Marcus Borg’s chapter on Salvation in his new book “Speaking Christian” begins with these words, “Because salvation in common usage is closely associated with going to heaven, we need to clear up a major misunderstanding at the outset. Salvation in the Bible is seldom about an afterlife. (p 39)

Continuing with this thought he says, The first biblical framework shaping the meaning of salvation is the story of the exodus from Egypt... the leadership of Moses liberates (the Jews) from their political, economic, and religious enslavement to Pharaoh…This story is the ancient Israelites’ primal narrative, the most important story they knew and foundational to their understanding of God and life with God.” (p 40)

In the Exodus story salvation and being saved refer to liberation from economic bondage; liberation from political bondage; and liberation from religious bondage. The Israelites had been saved from Pharaoh’s Egypt and Egypt was not to be re-created in Israel.

Borg identifies the second major framework shaping the biblical meaning of salvation as the Jewish experience of exile in the sixth century B.C. The exile, which occurred between 597 and 538 B. C., began when the Babylonians conquered and destroyed Jerusalem and forced many of the survivors – the most elite of the survivors - into exile in Babylon.
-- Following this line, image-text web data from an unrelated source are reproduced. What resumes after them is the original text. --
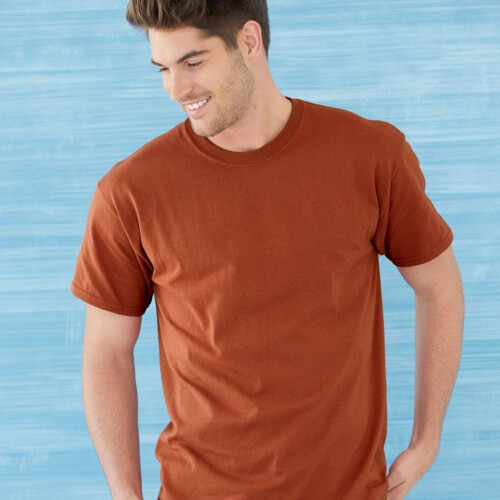Gildan Ultra Cotton® T-Shirt 2000 Ultra Cotton® T-Shirt Thumbnail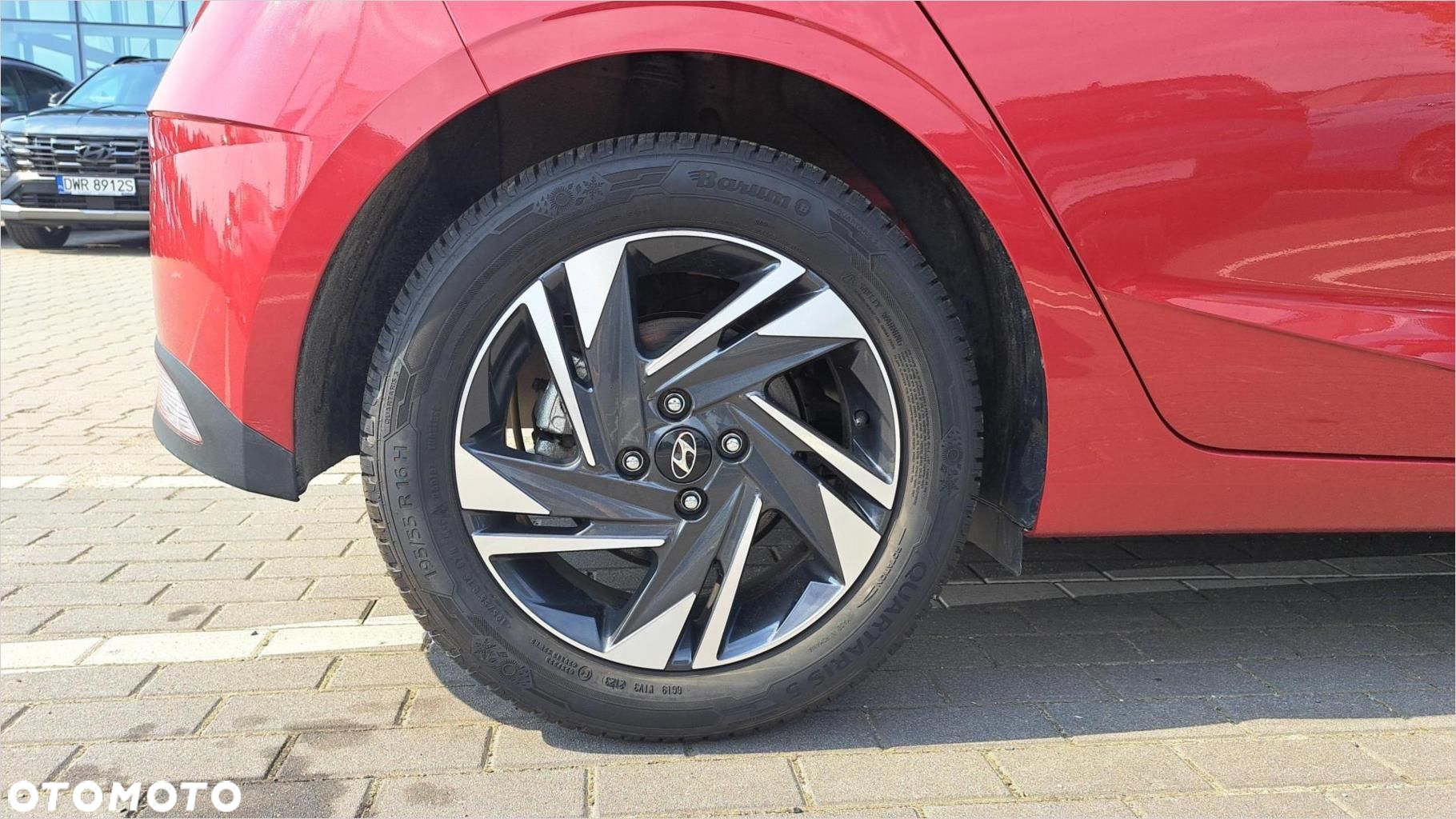 Hyundai i20 - 9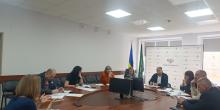 Свежие новости: У Південноукраїнську оцінили роботу комунальних підприємств за 2025 рік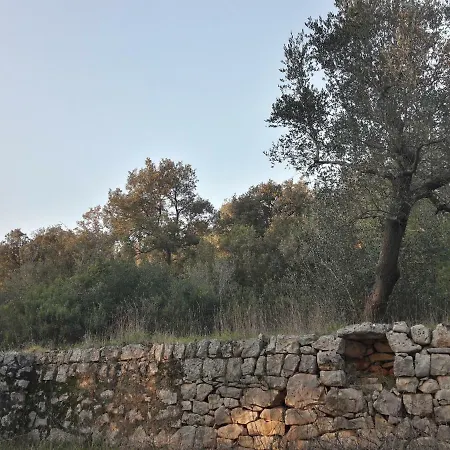 I Trulli Ferienhaus *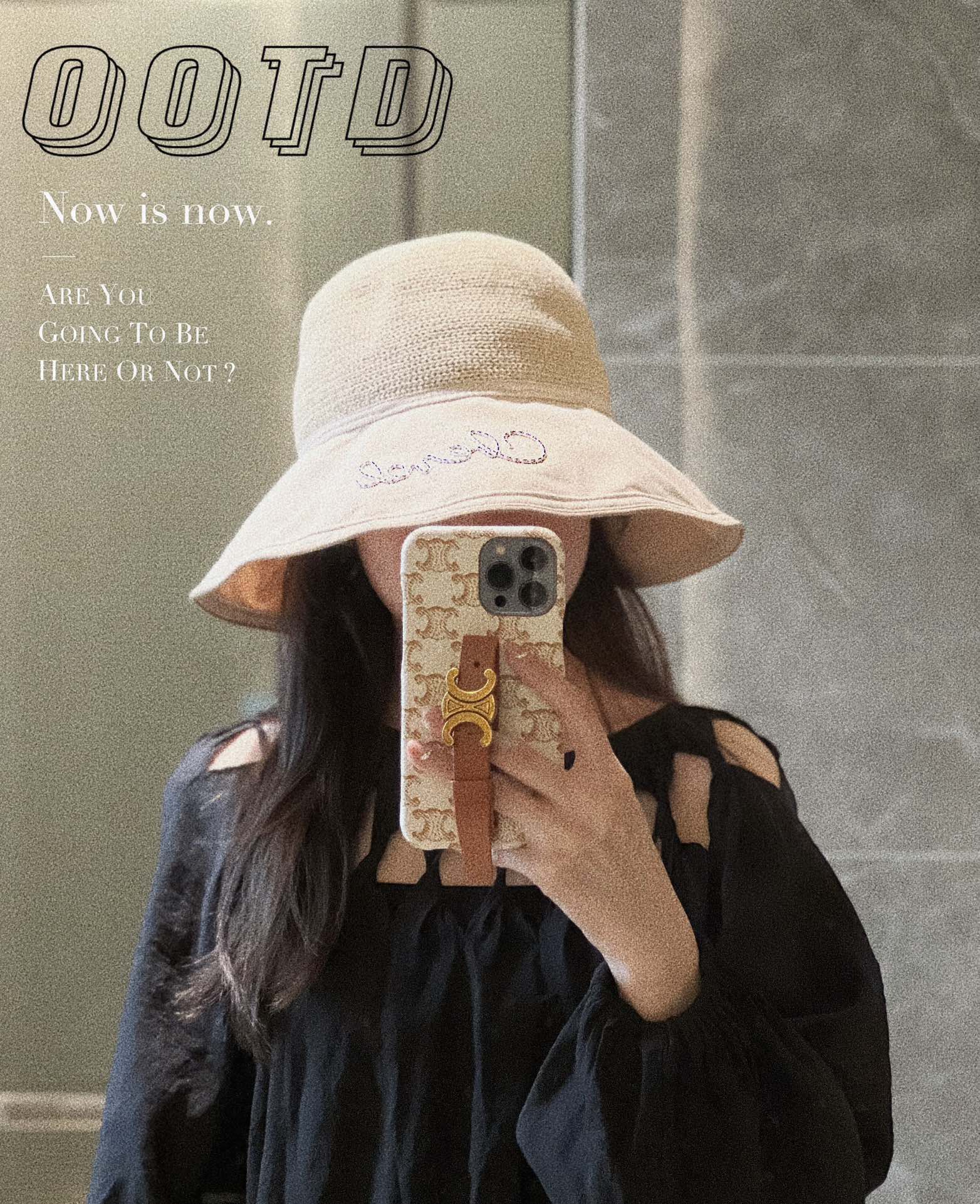 Chanel Hats(Replica)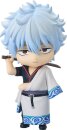 Gintama Nendoroid Actionfigur Gintoki Sakata 10 cm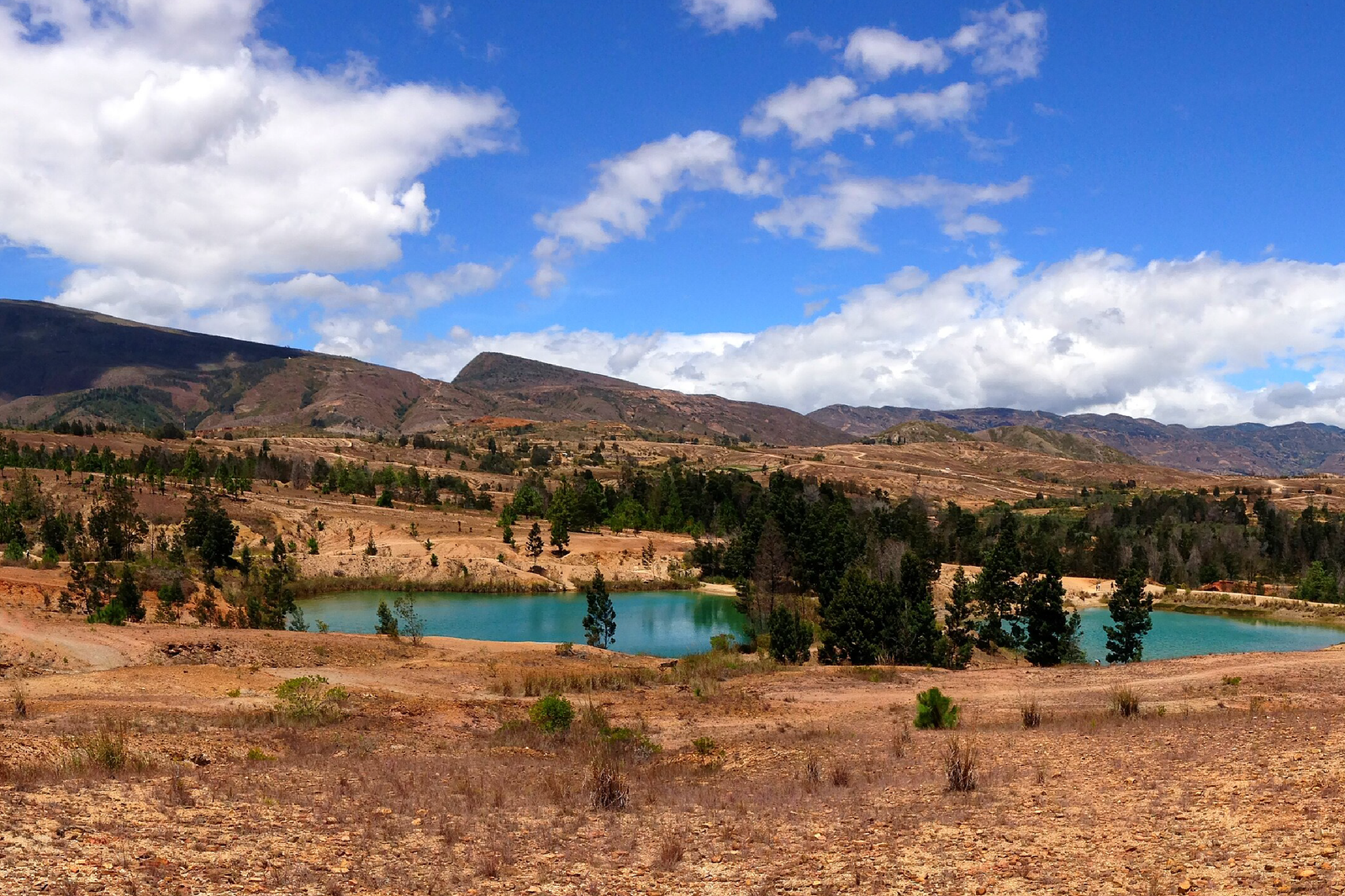 pasadía en villa de leyva y ráquira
The exile is the historical context for the second part of the book of Isaiah.

Listen to Isaiah’s powerful words of God’s salvation:

“But now thus says the Lord, he who created you, O Jacob, he who formed you, O Israel: Do not fear, for I have redeemed you; I have called you by name, you are mine. 2When you pass through the waters, I will be with you; and through the rivers, they shall not overwhelm you; when you walk through fire you shall not be burned, and the flame shall not consume you. 3For I am the Lord your God, the Holy One of Israel, your Savior. I give Egypt as your ransom, Ethiopia and Seba in exchange for you. 4Because you are precious in my sight, and honored, and I love you, I give people in return for you, nations in exchange for your life.” (Is 43:1-4)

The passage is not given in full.